Using the entries that follow, transcribe only the lines from the line with "Building Photo - 57 Wellstream Ln" to the line with "1373 N Echo Avenue, Fresno, CA 93728", both included, exactly as they stand and without pictures.

§ RECORDS FOR THE TASK:
========

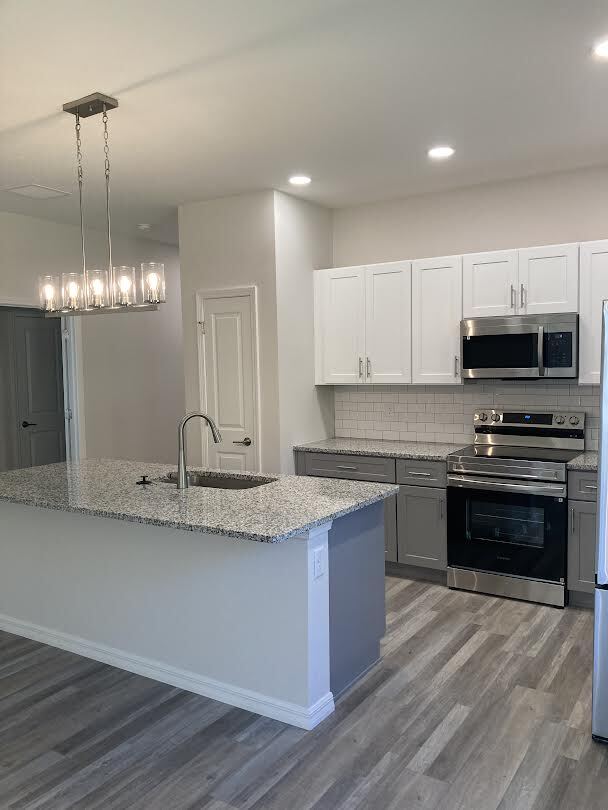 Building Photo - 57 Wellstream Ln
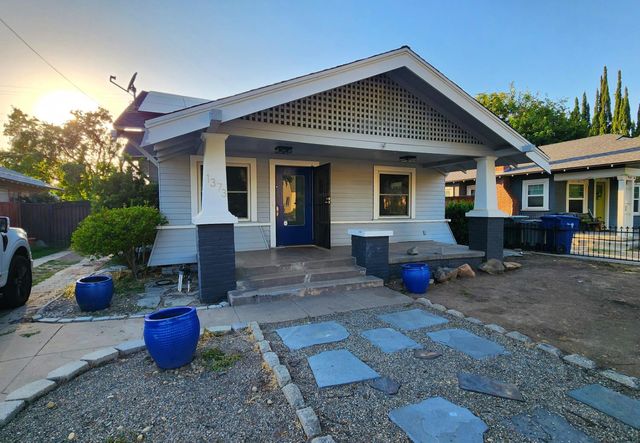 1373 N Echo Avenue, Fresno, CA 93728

========

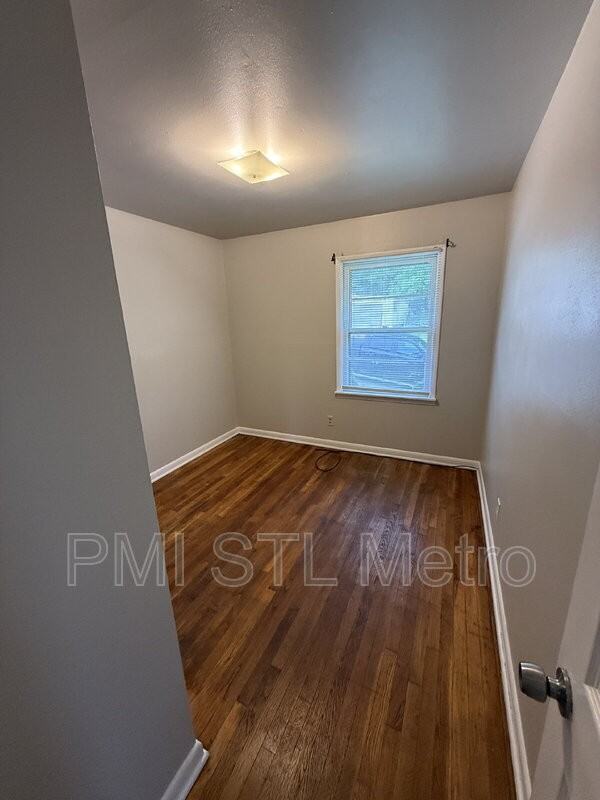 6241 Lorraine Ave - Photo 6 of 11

========

§ TASK SOLUTION:
 Building Photo - 57 Wellstream Ln
 1373 N Echo Avenue, Fresno, CA 93728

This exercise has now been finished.